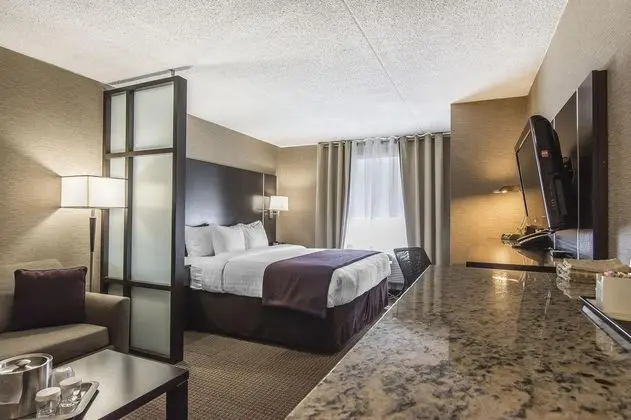 Quattro Hotel & Conference Centre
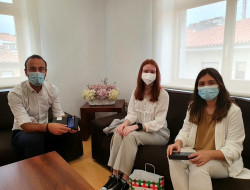 El Ayuntamiento de Torrelavega recibe a una alumna de La Paz que ha sacado la segunda mejor nota de la EBAU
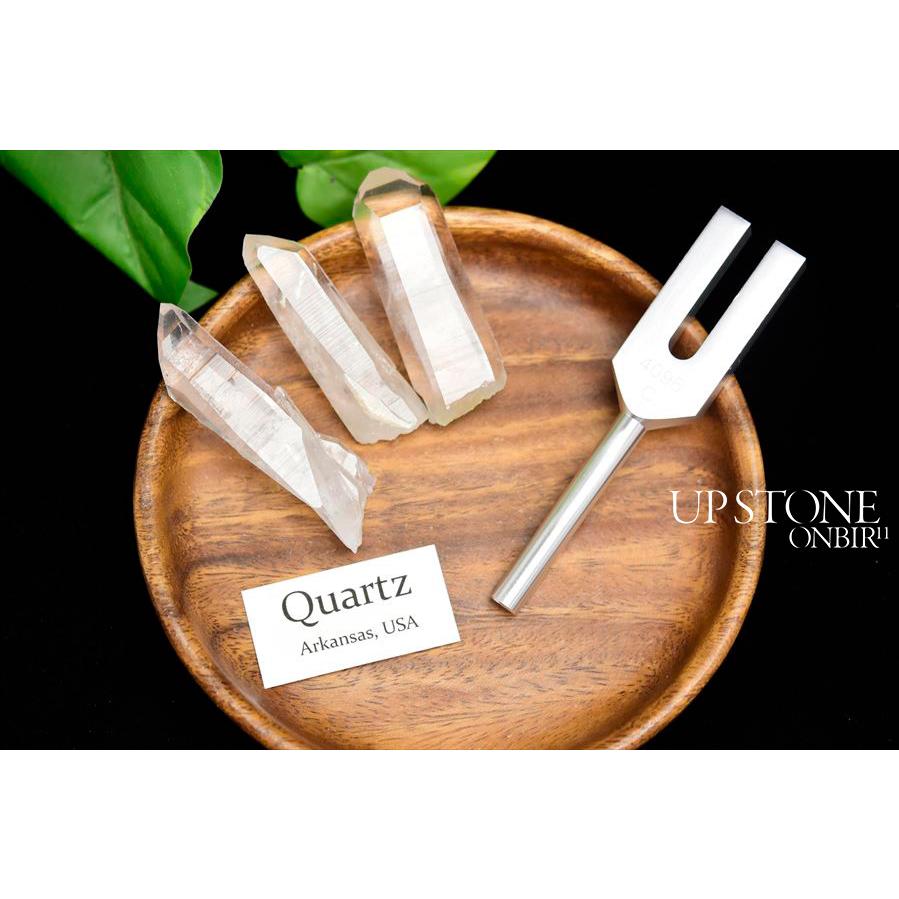 クリスタルチューナー 4096Hz 浄化用音叉 アーカンソー産 天然水晶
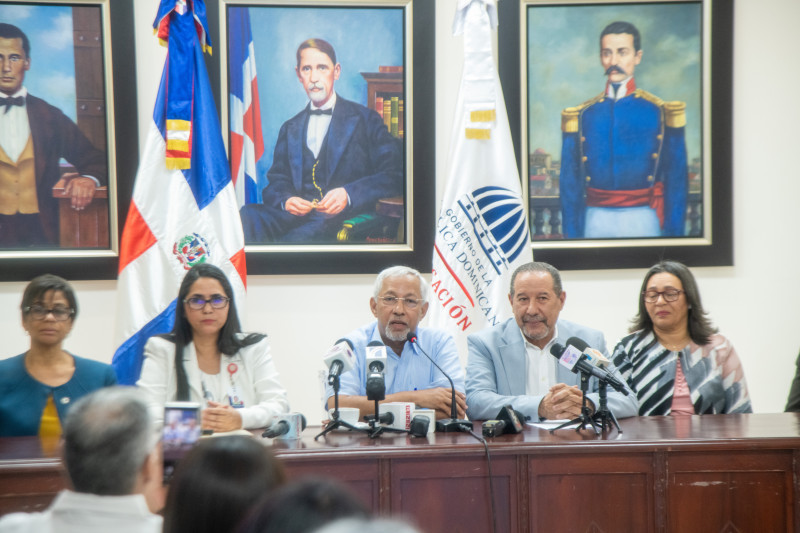  EL MINISTRO QUE SE QUEJA Y NO RESUELVE. Ministro de Educación: Alumnos no aprenden ni siquiera lo básico
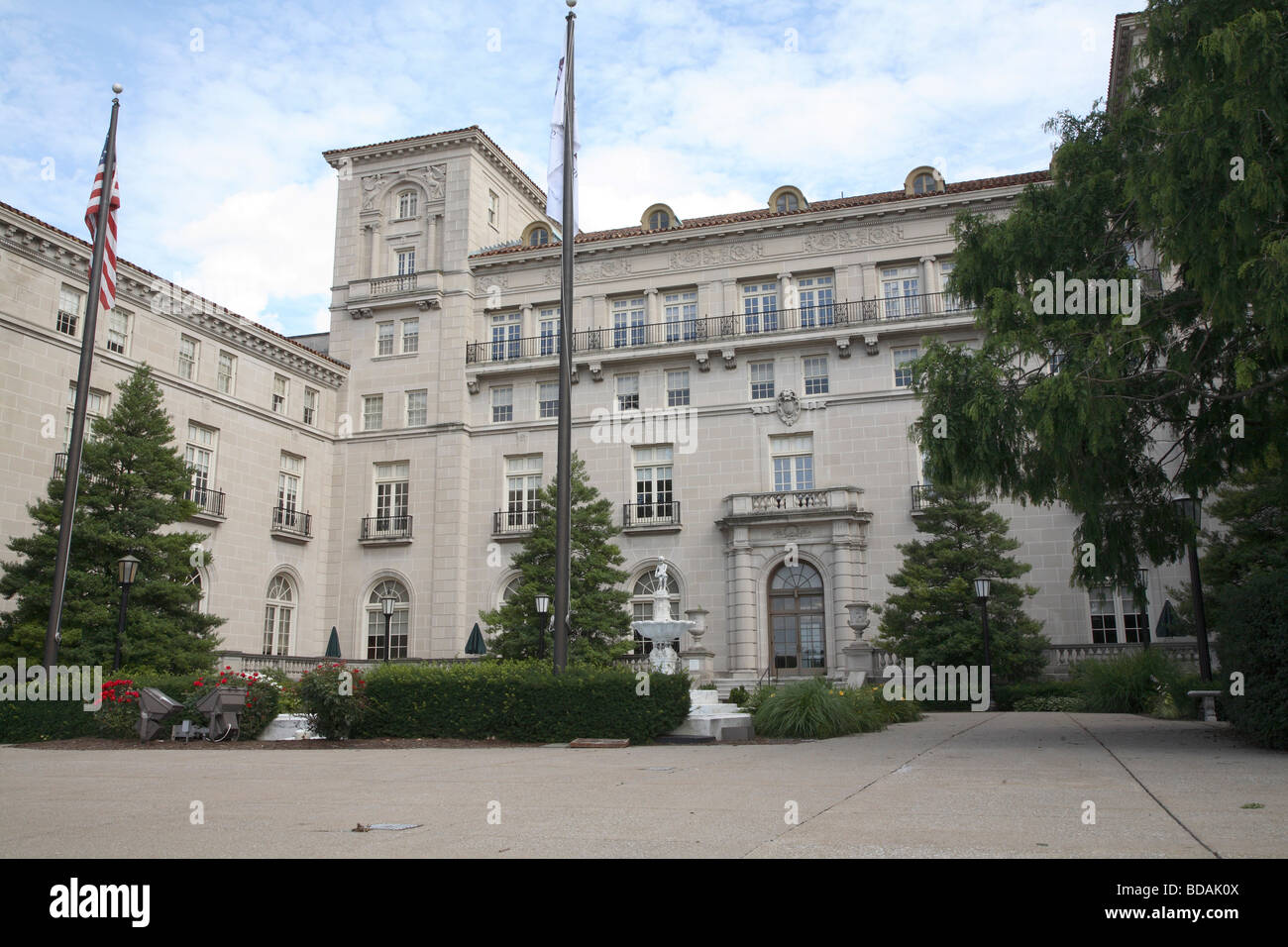 Haupteingang und Hof der Hershey-Theater von der rechten Seite des Hofes. Stockfoto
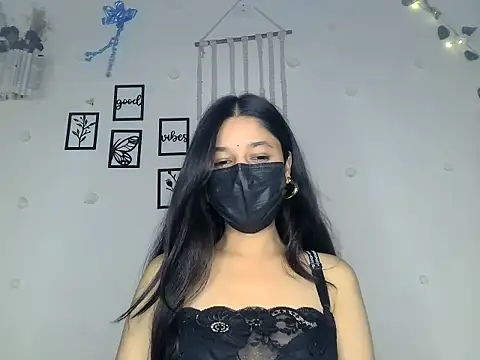 HOT_SNEHA4
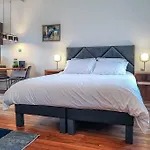 The Blue Suite Etretat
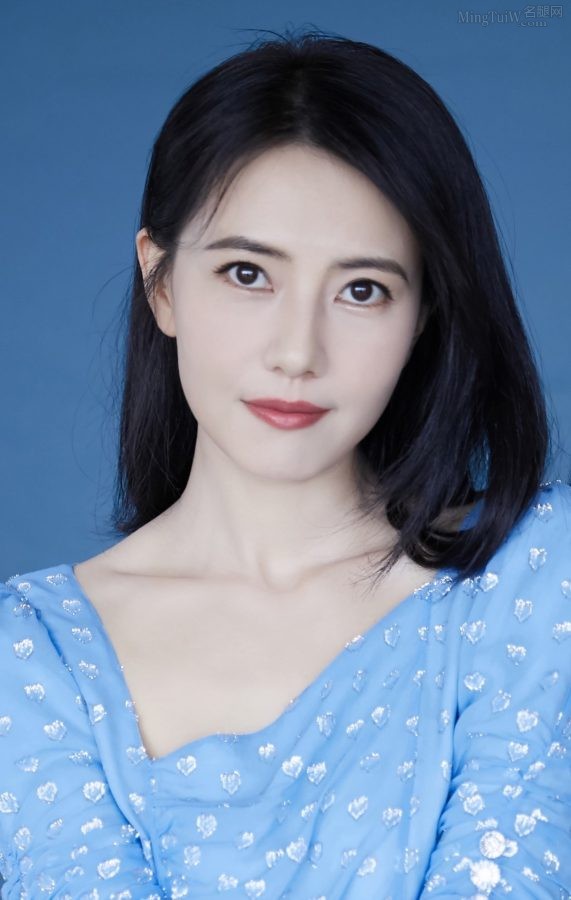 女神高圆圆穿蓝裙踩凉高跟秀出好看的玉足(4/6)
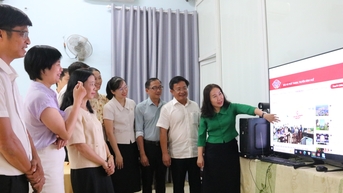 후에 신문, 라디오 및 텔레비전은 Loc An 공동체의 정보 및 선전 활동을 지원합니다.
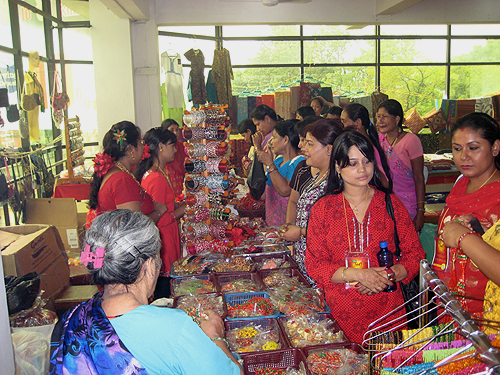 腕輪「チュラ」売り場に詰め掛ける買い物客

## EXERCISE GOAL
Please copy the data shown above word for word, omitting the pictures.

## TASK OUTPUT
 Quattro Hotel & Conference Centre
 El Ayuntamiento de Torrelavega recibe a una alumna de La Paz que ha sacado la segunda mejor nota de la EBAU
 クリスタルチューナー 4096Hz 浄化用音叉 アーカンソー産 天然水晶
  EL MINISTRO QUE SE QUEJA Y NO RESUELVE. Ministro de Educación: Alumnos no aprenden ni siquiera lo básico
 Haupteingang und Hof der Hershey-Theater von der rechten Seite des Hofes. Stockfoto
 HOT_SNEHA4
 The Blue Suite Etretat
 女神高圆圆穿蓝裙踩凉高跟秀出好看的玉足(4/6)
 후에 신문, 라디오 및 텔레비전은 Loc An 공동체의 정보 및 선전 활동을 지원합니다.
 腕輪「チュラ」売り場に詰め掛ける買い物客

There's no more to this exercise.